Our homes are meant to reflect the relationship between Christ and His church. What a high and beautiful calling we’ve been given as wives. Kindness toward our husbands is a testimony—not only to them—but to a watching world.
“Put On” Kindness
Put on then, as God’s chosen ones, holy and beloved, compassionate hearts, kindness, humility, meekness, and patience…
Colossians 3:12
We’re not left wondering what kindness looks like in real life. God tells us to put it on. Like a garment, it’s something we choose to wear each day. Below are just a few ways we can intentionally “put on” kindness in our marriages.
These will look different in every home, but the goal is the same: to show the love of Christ through small, daily acts of grace.
- Remember, you were created to be his helper. Are you giving your husband priority over your children in your heart and actions?
- Speak well of your husband to others—especially when he’s not around to hear it.
- Pray for him before he heads off to work.
- Take care of yourself—rest, refresh, and tend to your appearance with joy.
- Keep romance alive—show affection, initiate dates, and keep laughter part of your home.
- Give regular compliments. Do you thank him for working hard and providing for your family?
- Learn and remember his favorites—meals, outfits, places, even little gestures.
- Smile. A cheerful spirit brings life to your home.
- Pause before you respond. Ask, “What would kindness look like right now?”
- Serve joyfully in the little things—even if it’s picking up socks again or cleaning up the bathroom. A cheerful heart in service reflects the heart of Christ.
- Love overlooks much. Not every irritation needs to be addressed—sometimes we simply need to let love cover it.
- When issues arise, respond in a Christ-honoring way. You’re responsible for your words, not his. Choose forgiveness over bitterness.
- True forgiveness means we no longer hold it over them. Let grace flow freely.
- Guard your words. The tongue can either build up or destroy. Ask God to help you speak what is gentle, kind, and edifying.
- A thankful wife is a joyful presence in the home. Thank your husband often—and mean it.
Today Is a New Day
If kindness hasn’t been the tone of your words and actions lately, today is a fresh start. God’s mercies are new every morning. Begin with repentance. Ask the Lord to show you where you’ve been harsh or indifferent, and seek His grace to walk in lovingkindness.
I know some of you are walking through difficult seasons in marriage—and this isn’t easy. But God sees, He cares, and His grace is sufficient for today.

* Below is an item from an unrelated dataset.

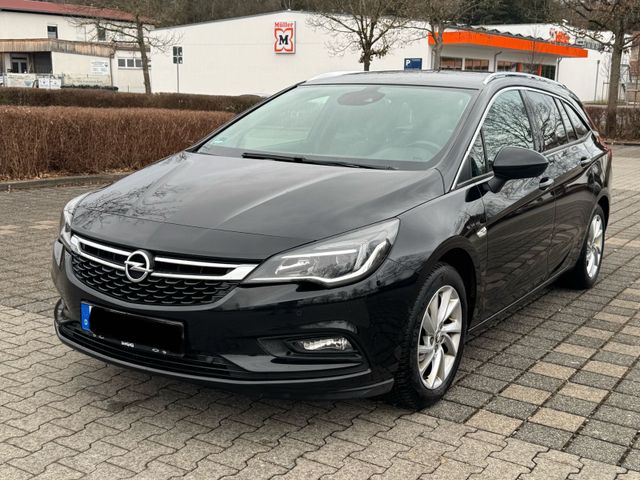 Opel Astra K Sports Tourer Innovation Automatik Navi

Kindness is a readiness to do good, to help, to relieve burdens, to be useful, to serve, to be tender, and to be sympathetic to others. It’s been said: Kindness is love in work clothes.
Alexander Strauch
Let’s clothe ourselves in the love of Christ and “put on” kindness each day—especially in the beautiful calling we have as wives.
Recommended Resources:
Marriage Series on the blog and podcast
Feminine Appeal: Seven Virtues of a Godly Wife and Mother by Carolyn Mahaney

I am so blessed by your words. I am so grateful that you are using your gift of your God-given wisdom and encouragement. I had been given a kind, encouraging, cheerful and respectful spirit, but some circumstances had started to change my spirit to ugliness and harshness (relatively speaking) which I never thought possible. I have young children and have had some big changes and needed some womanly encouragement. I did not find any, apart from my husband and the Lord. I am so grateful that your Godly words of encouragement have softened my bitter soul. Praise the Lord. For He is good.
Marci,
This is something I always need help with. I am glad to get encouragement and a reminder anytime. I just need to hold onto Paul’s words each and every day! Thank you for sharing and edifying women!